## How to complete this task
Set down, word for word, each line from the top of the data through the line that has "In this video, I'll"; omit every picture.

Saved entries
- Opening Delimiter -

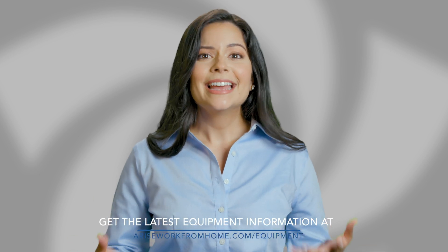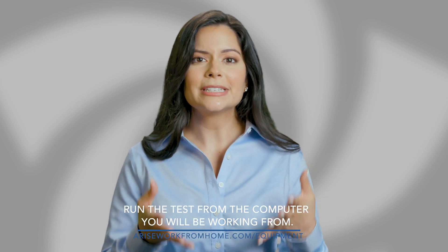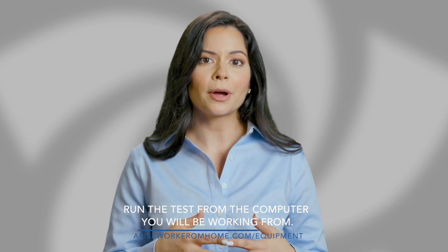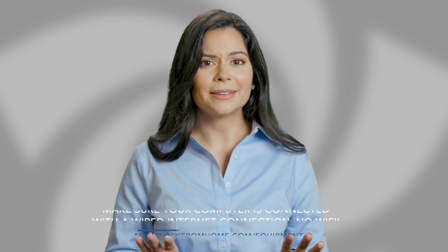Before you can start your virtual learning course, you'll have to pass a PC check. Basically, this ensures your computer can handle the workload involved. It is extremely important that you run the test from the computer you're going to work from and hook it up to a wired internet connection, not Wi-Fi.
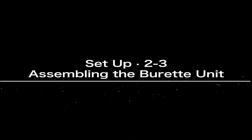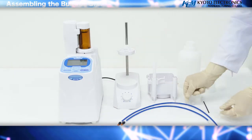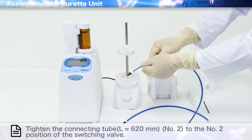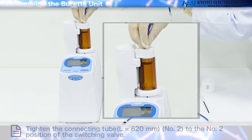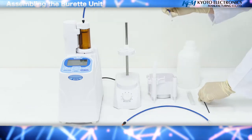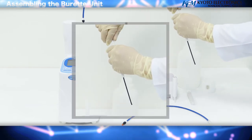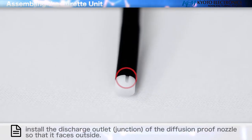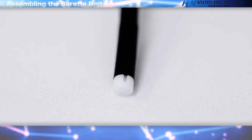Assembling the Burette Unit tubing: install the nozzle pocket to the base of the bottle. Tighten the connecting tube to the number two position of the switching valve. Tighten the diffusion proof nozzle to the tip on the reverse side of the connecting tube and attach it to the electrode holder. Install the discharge outlet junction of the diffusion proof nozzle so that it faces outside.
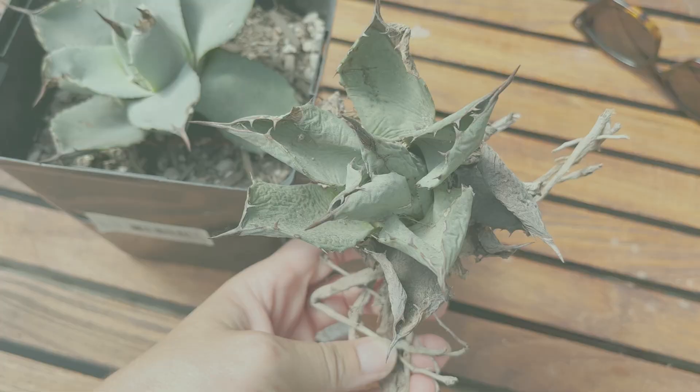In this video, I'll show you how I rescue this agave and turn it into a lush beauty like this.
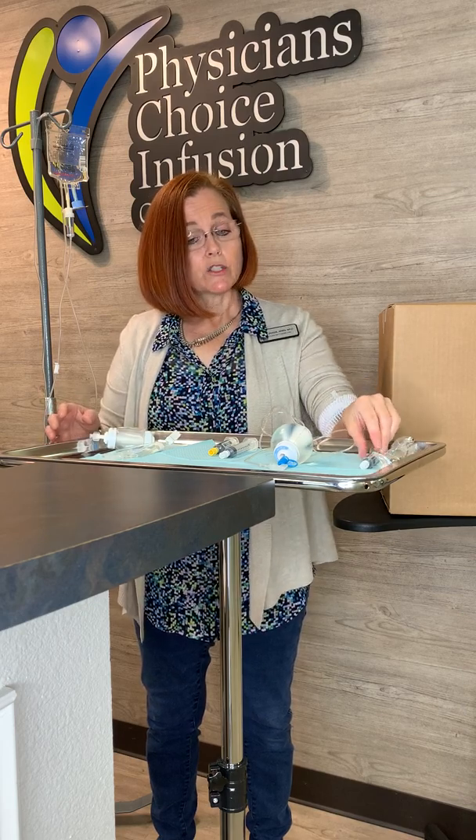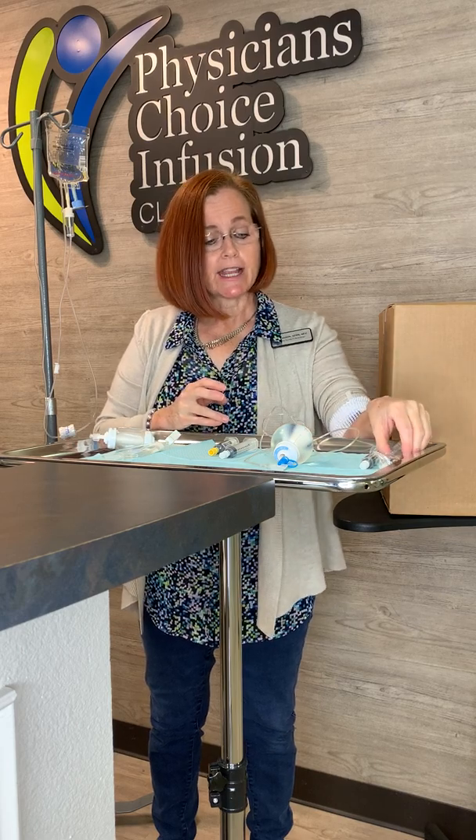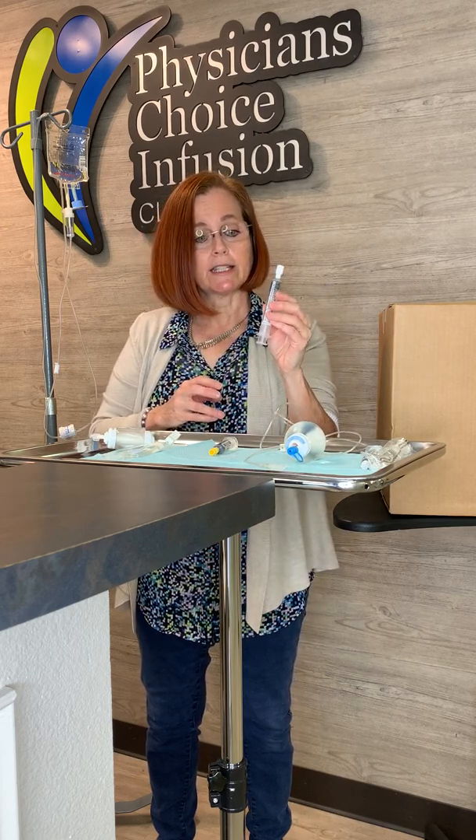When that time has passed and it's warm, you want to set everything up. First, wash your hands well with soap and water, and then we're going to use the SASH protocol. S stands for saline, A stands for administration of medication, S stands for saline, and H stands for heparin.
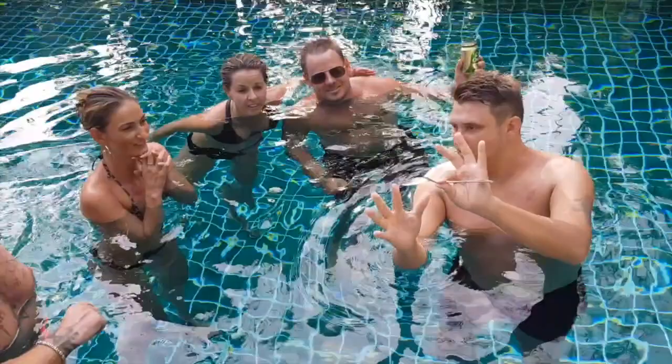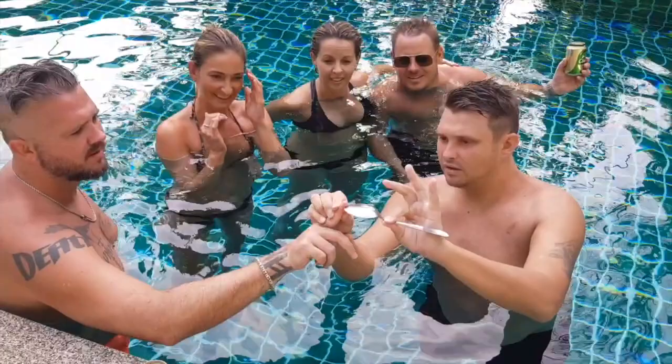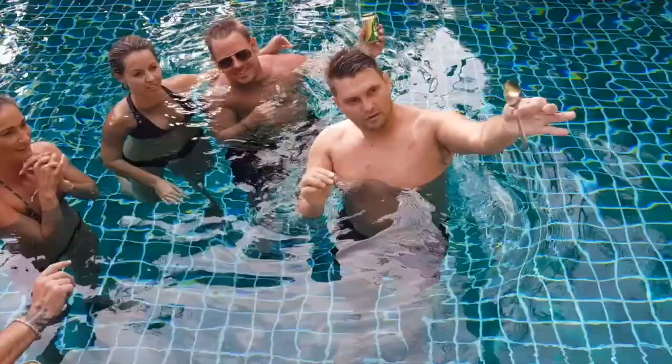Yeah, that's good. In fact, can you — yeah, like this. All right, you can actually feel it, it just gets really soft. Yeah, it is really soft. Can I try? Yeah.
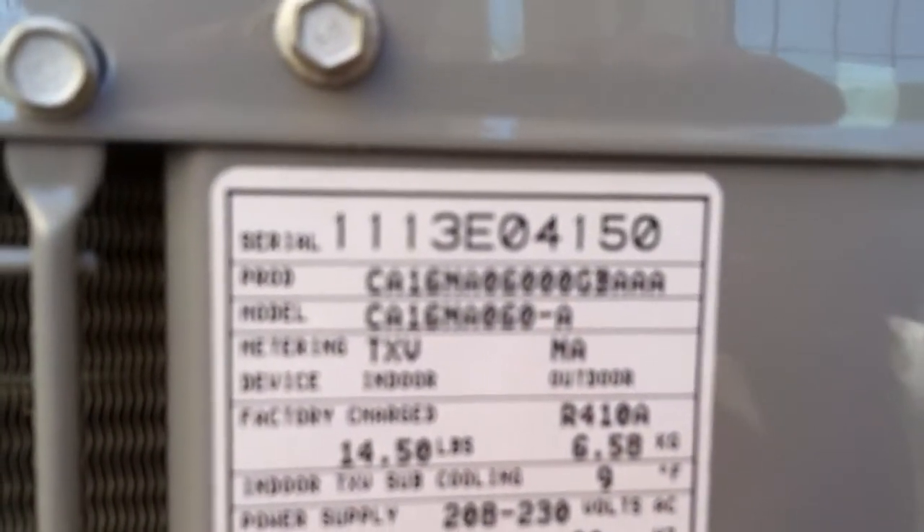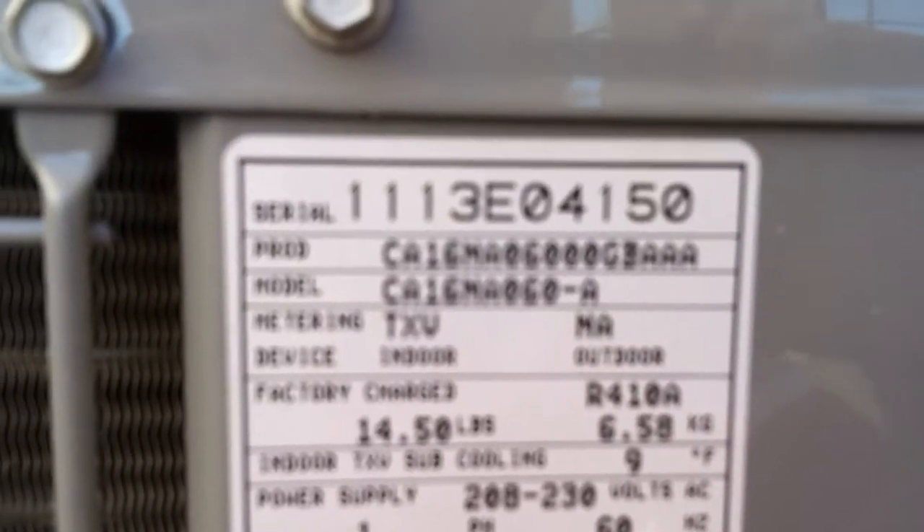So now we can see inside all of them, except for maybe this one because it's big. I can't hardly get down there. So how many tons is this? I can't really see where it says.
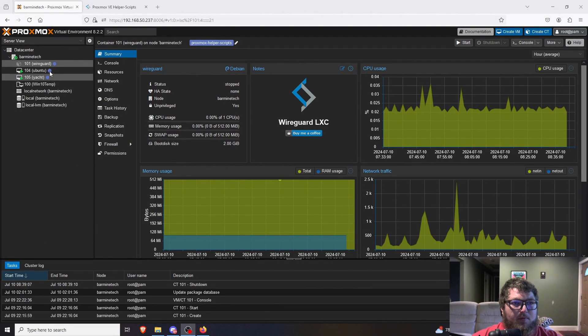What's going on everybody, it's Carmine from Barmine Tech. Today we're going to be talking about how to set up WireGuard on Proxmox in under 10 minutes. We're going to be using the Proxmox helper scripts to make our own WireGuard server running in an LXC container off of our Proxmox server.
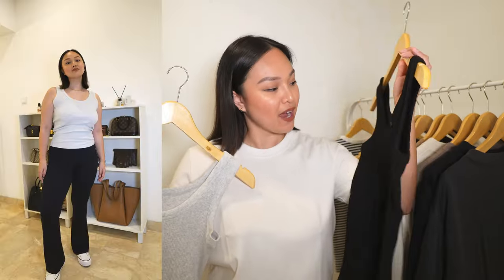Last but not least, the Uniqlo U tank tops. I have these in three colors — I have a white one that's in the washer right now. They are so incredibly good and very flattering on the chest and around the armpit area. The ribbed material is beautiful and I love that the collar is a little bit wider, making it look more expensive. Also 100% cotton — very breathable and perfect for summer days or as a layering piece.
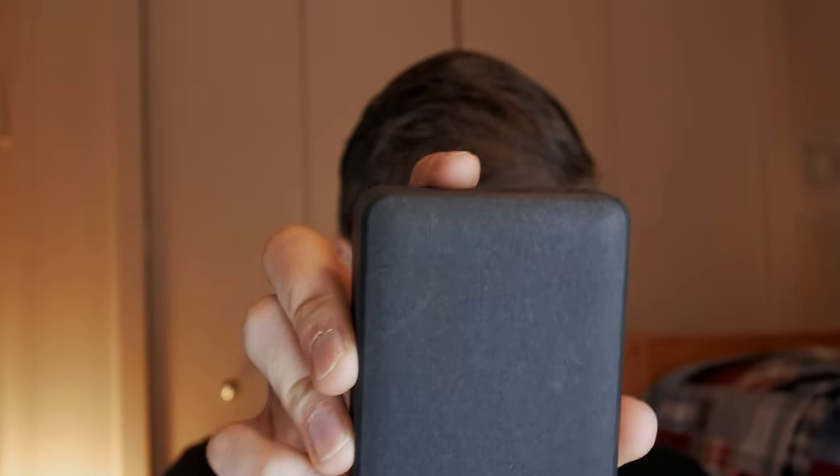So what did I replace it with? I decided to spend some money — I believe the new one was $69.99. I got it from Micro Center. It's this sleek little unit with no name brand visible on the outside.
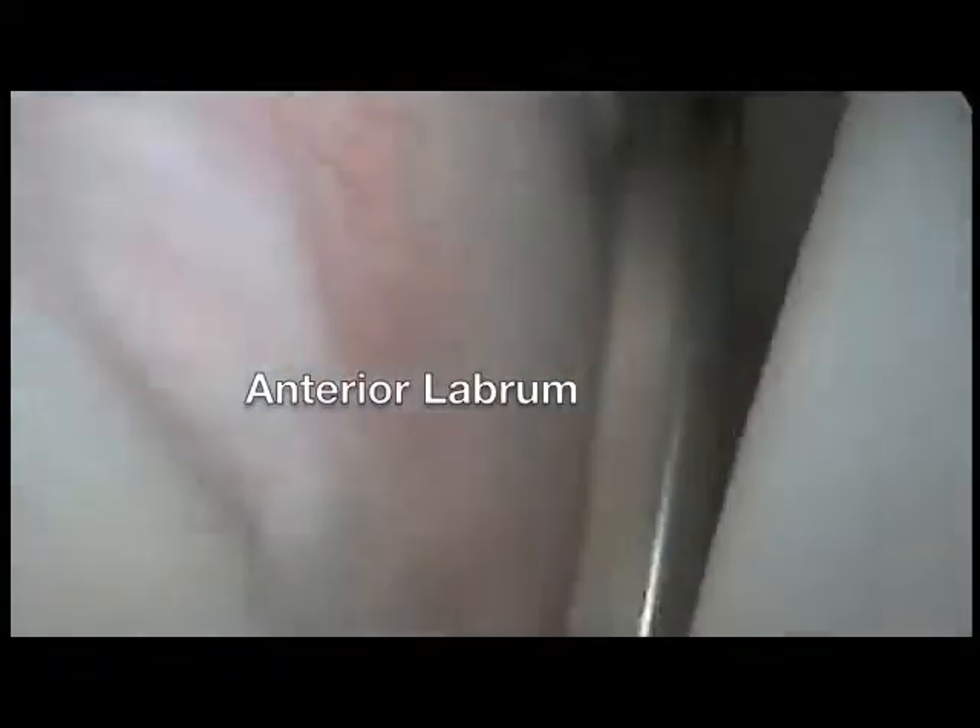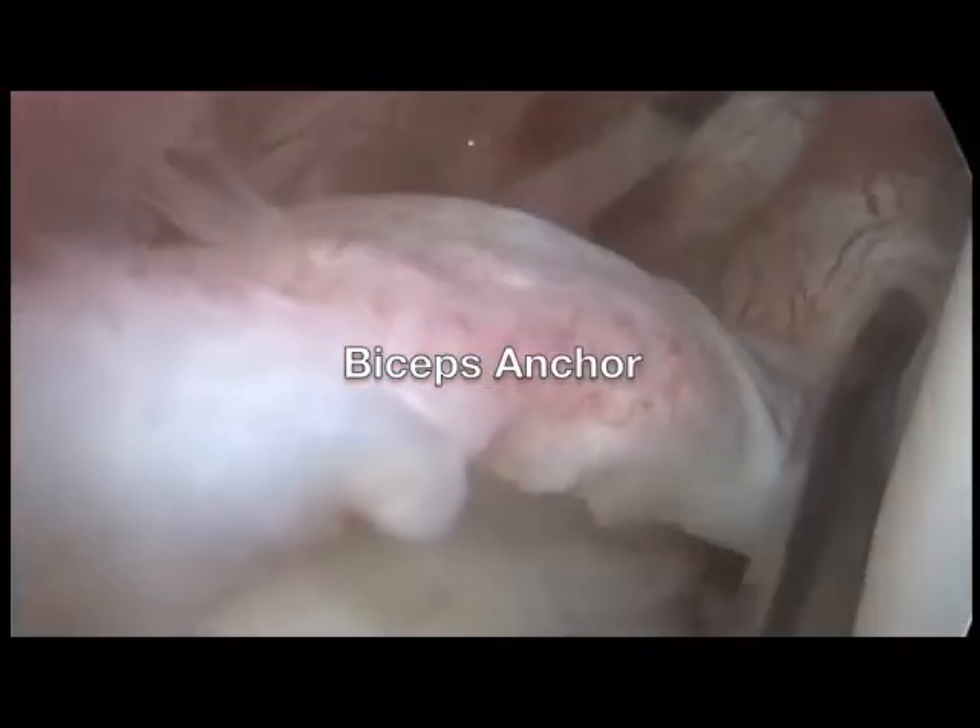A portal is made just above the upper border of the subscapularis and a probe is introduced into the joint. You can feel and palpate different aspects of the joint with this instrument. This is the anterior inferior labrum, which is firmly attached, and the superior labrum, which feels normal, and the biceps anchor is quite stable.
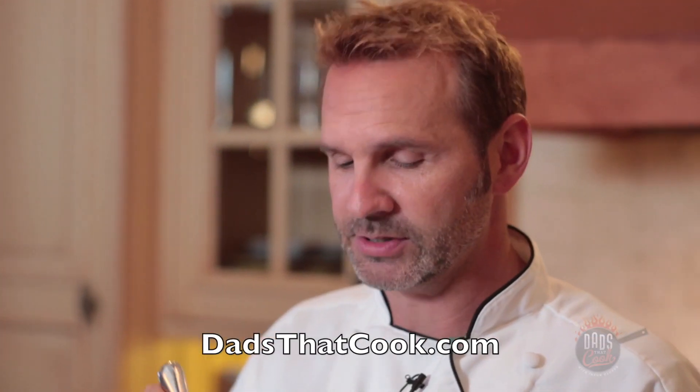So you want the recipe? Go to dadsatcook.com — you can find it there, along with other recipes too. This is awesome, you're gonna love it.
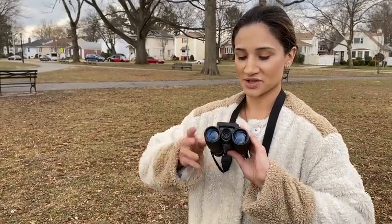Hi guys, I'm super excited to introduce this lightweight, high-quality binoculars, and I just want to talk about some features here.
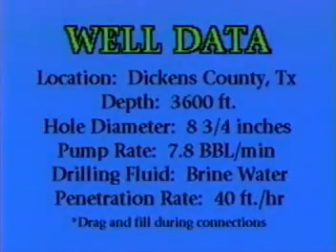Well data: location, Dickens County, Texas. Depth, 3600 feet. Hole diameter, 8 and 3 quarter inches. Pump rate, 7.8 barrels a minute. Drilling with brine water. Penetration rate, 40 foot an hour. Drag and fill during connections.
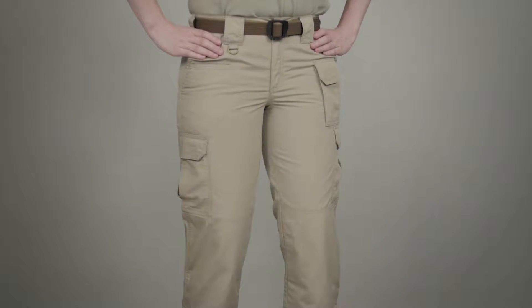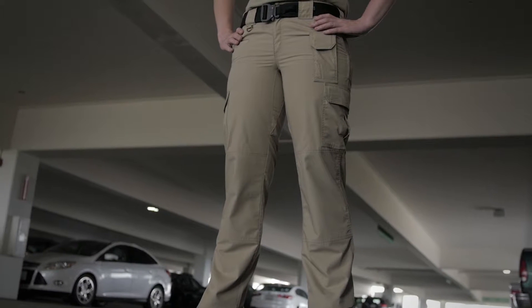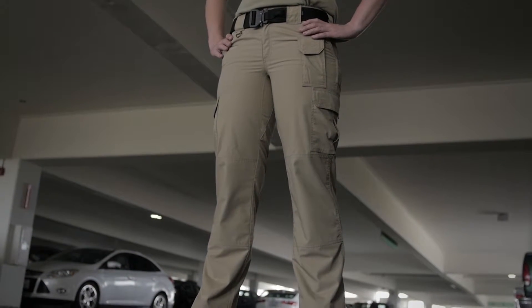The 5.11 Women's Taclite Pro Pants are crafted from our lightweight, durable Taclite Ripstop fabric and provide outstanding comfort and performance in hot and humid conditions.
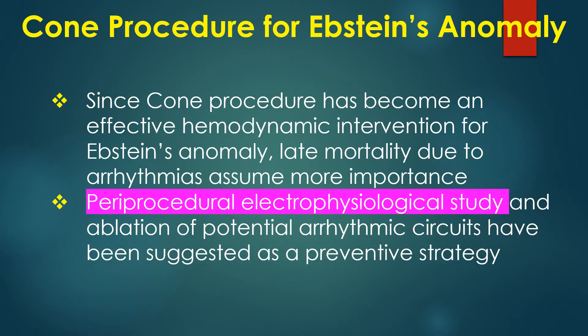Since the Kohn procedure has become an effective hemodynamic intervention for Ebstein's anomaly, late mortality due to arrhythmias assumes more importance. Periprocedural electrophysiological study and ablation of potential arrhythmic circuits have been suggested as a preventive strategy.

- Closing Delimiter -

## Reply to the task
Before you can start your virtual learning course, you'll have to pass a PC check. Basically, this ensures your computer can handle the workload involved. It is extremely important that you run the test from the computer you're going to work from and hook it up to a wired internet connection, not Wi-Fi.
Assembling the Burette Unit tubing: install the nozzle pocket to the base of the bottle. Tighten the connecting tube to the number two position of the switching valve. Tighten the diffusion proof nozzle to the tip on the reverse side of the connecting tube and attach it to the electrode holder. Install the discharge outlet junction of the diffusion proof nozzle so that it faces outside.
In this video, I'll show you how I rescue this agave and turn it into a lush beauty like this.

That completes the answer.